When such a group so fervently embraces this kind of thinking they huddle together around a leader they feel will recognize them as being special. It is only then that they begin to feel personal self worth.

Trump is not exactly like them. But he understands them and their need. He uses it to augment his own deep psychological needs, to solidify his own self-created sense of worth.

The rest of us, the Americans who at least attempt to embrace all people, who try to transcend our own shallow consumerism, we have an obligation. Our challenge is how to deepen the future education of those who ignorant of their own ignorance.

Being human requires a depth of commitment few of us possess. But, it is vitally important. This social mindset that the corporate world has implanted in us, this shallow concept of consumerism, is a feeble foundation for our lives.

Religion has proven to be a precarious counter balance to corporate consumerism. Indeed, the corporate monolith has forged close political alliances with the belief systems of religion.

Corporate politics is today nurtured through corporate consumerism and religion. It is the rare politician who does not have several thousands of dollars of corporate money in his election chest.

It is the rare politician who does not profess religious belief as key to his qualification for leadership. Although Tom Jefferson first wrote that American religious freedom embraces the option of politicians being free to profess no religion whatsoever.

What has all this to do with the concept of ignorance? Everything. Political power as practiced today in America is founded on the double idea of profitable consumption and belief in a common religious concept.

The two concepts are strangely wed. Trump claims allegiance to both. His followers conceptually bunch the two together. And all of this, mired with racial ambiguous intolerance, creates intense social aggression.
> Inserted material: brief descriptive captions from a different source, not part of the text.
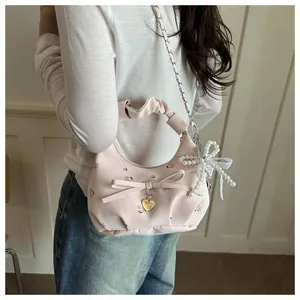 Détail d'un sac floral rose avec poignée plissée, nœud en perles et pendentif cœur doré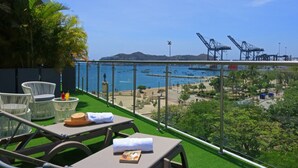 A balcony with outdoor seating, a view of the sea, and distant cranes. - Bonita Bay Concept Hotel by Xarm Hotels (Santa Marta)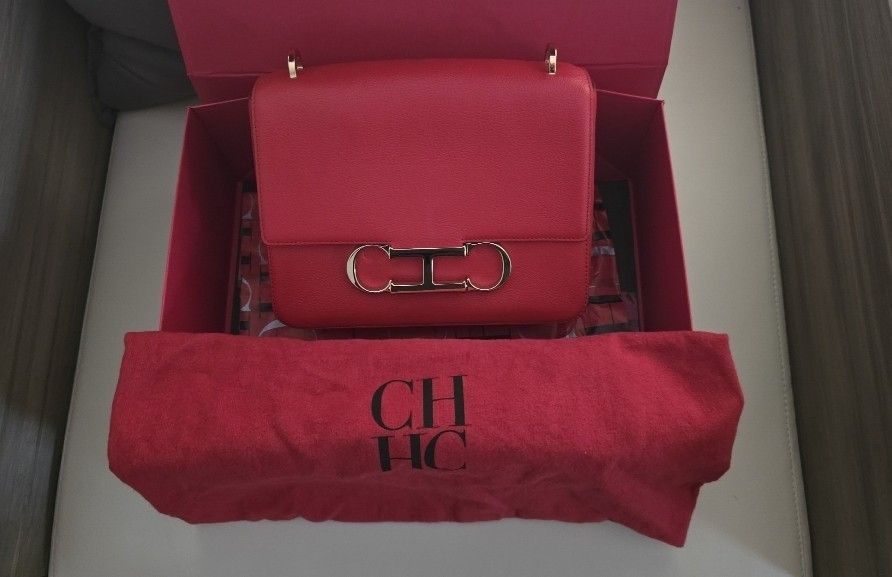 Carolina Herrera Red Shoulder Bag with Gold Hardware (Category: Luxury Bags & Wallets) located in Manila. Submitted by k.lvd (Listing ID 1452303643, Image 1). Description: -Authentic Carolina Herrera Red Initials Insignia Crossbody Bag. -Features the iconic gold CH logo hardware. -Crafted from premium leather in a striking red finish. -Includes the original dust bag and box. -Comes with an extra top handle for versatile hand-carry styling. -Adjus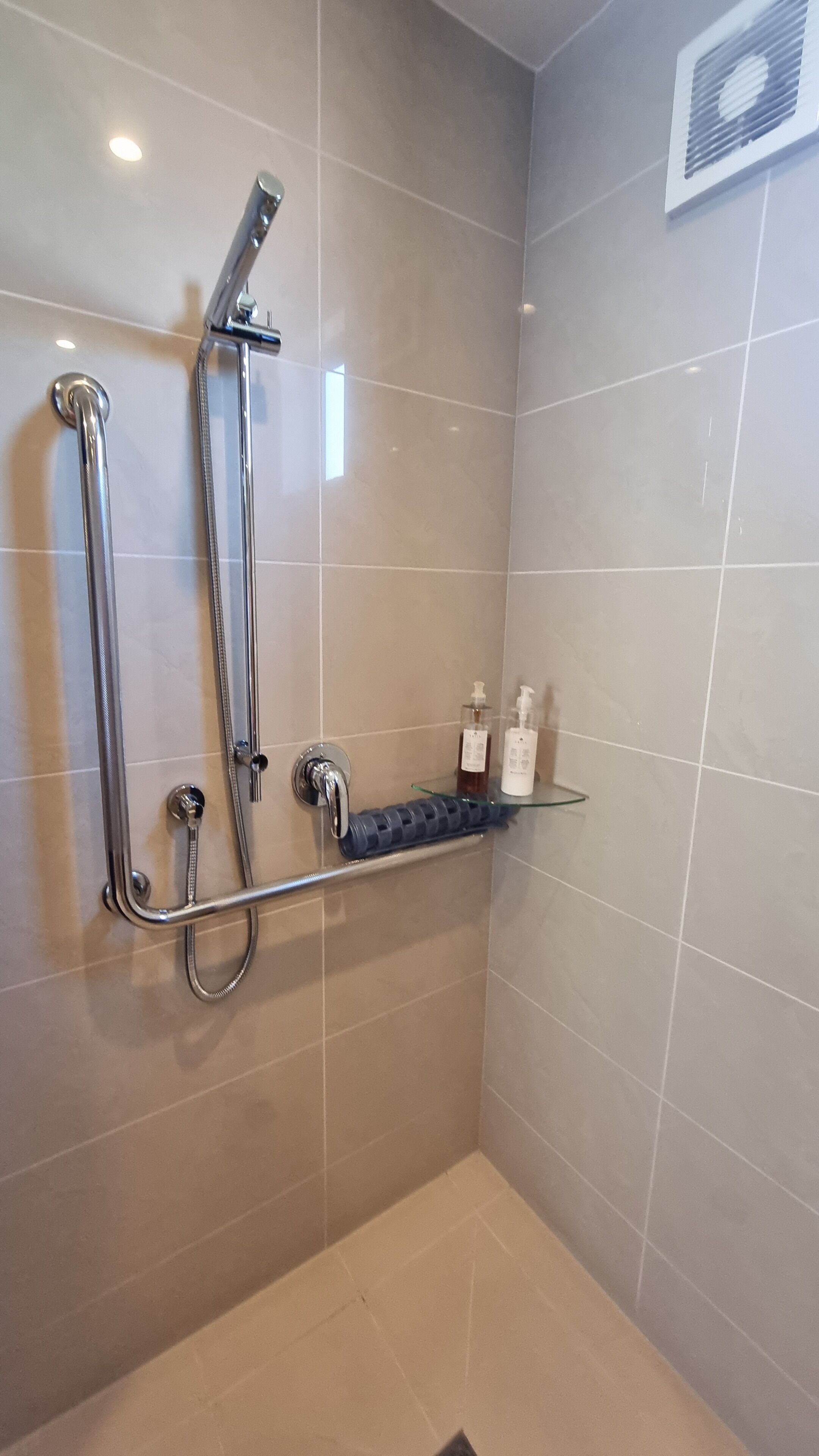 A shower area with a grab bar, a handheld showerhead, and a glass shelf with toiletries.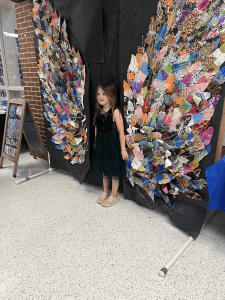 Child Posing in front of artwork made by Wills Point students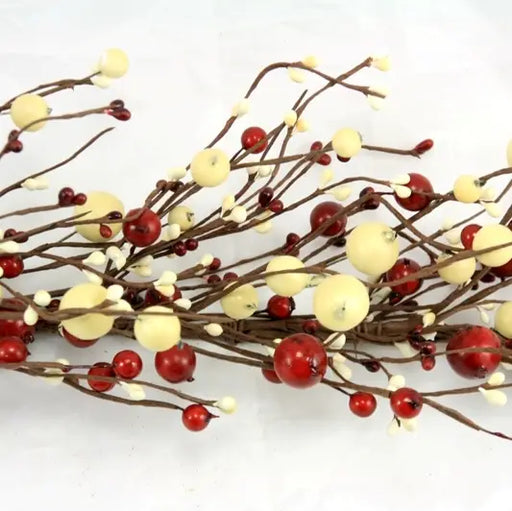 Decorative branch with red and yellow berries on a white background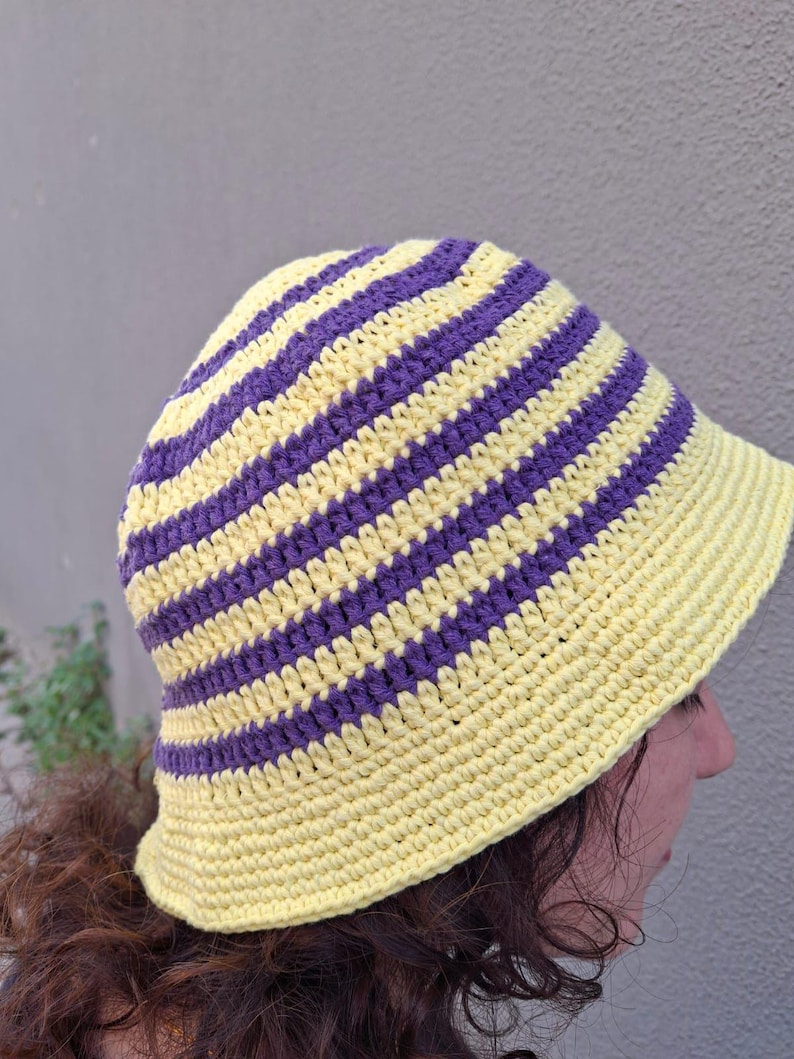 Op de afbeelding: Een handgemaakte gehaakte vissershoed met afwisselende gele en paarse strepen. De hoed is gemaakt van zacht garen en heeft een ronde kroon en een kleine rand. Een stijlvol accessoire voor bescherming tegen de zon.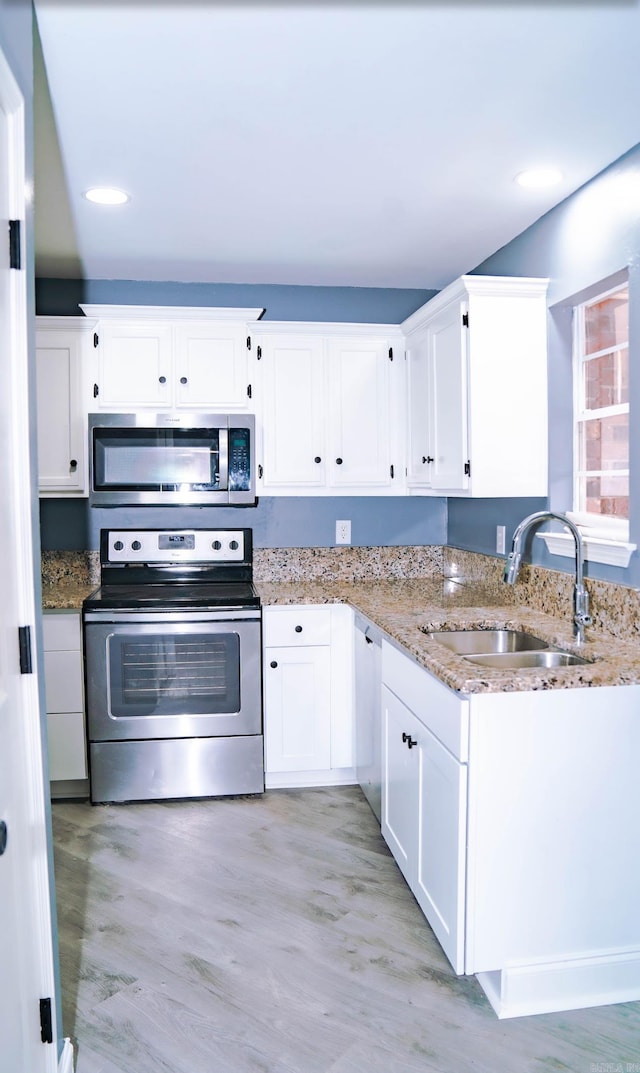 200 Pine Forest Dr Apt C2, Maumelle, AR 72113 - kitchen with a sink, appliances with stainless steel finishes, white cabinets, light wood-style floors, and light stone counters
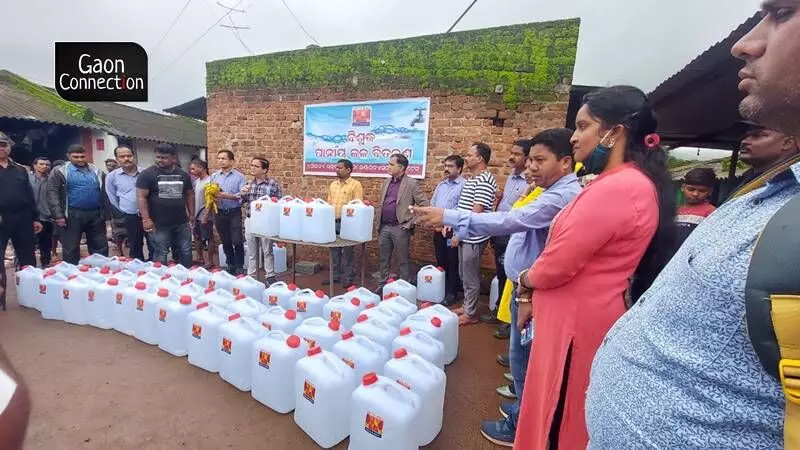 Clean water cans being distributed to check the cholera outbreak.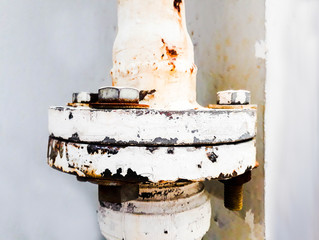 joint of two flanges by bolts and nuts, Bolts base Blurred soft focus,  Fastening base column, Old...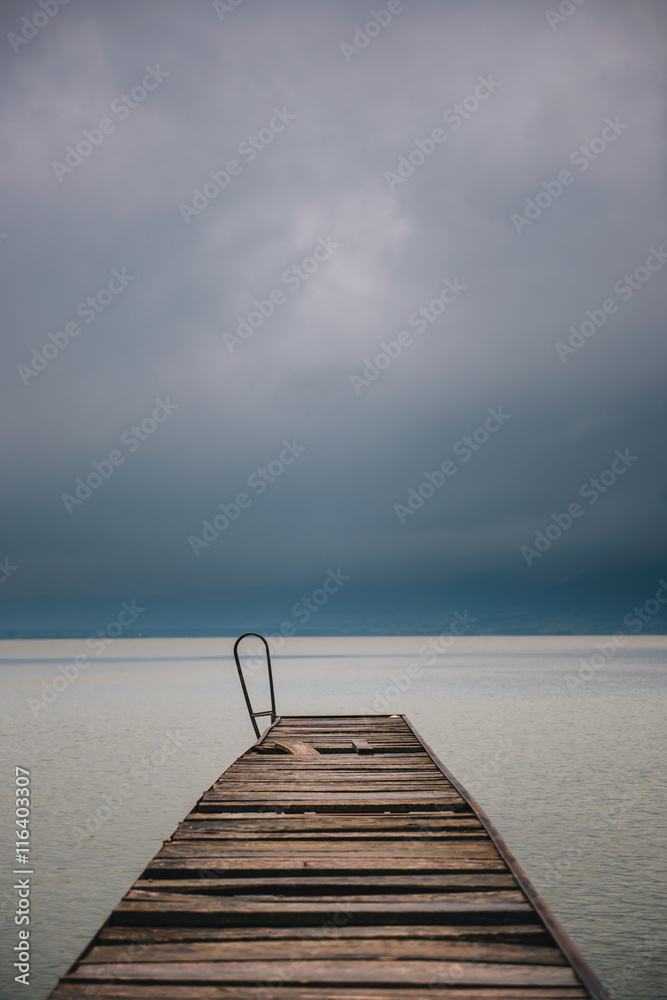 Old wooden dock in summer stormy weather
Aggression threatens the more rational concept of non-violence by fanning the flames of intolerance. Intolerance is what turns eventually to violence. Violence is the result of ignorance.

We have a job on our hands to create a better-educated future America. The job will not allow us to think of ourselves as uninvolved consumers. Or uninvolved believers. Those of us dissatisfied with today must carefully reconsider things.

Today’s ignorance impacts all of us. It demands we all, in some way, become political activists of the future. Is that an easy concept to grasp? Is that to be given us by some politician?

Or is it an intrinsic capacity for self-worth inside ourselves that we must individually compel ourselves to develop? It is not an easy question to answer. It may require some disturbingly deep thinking.

Sorry about that.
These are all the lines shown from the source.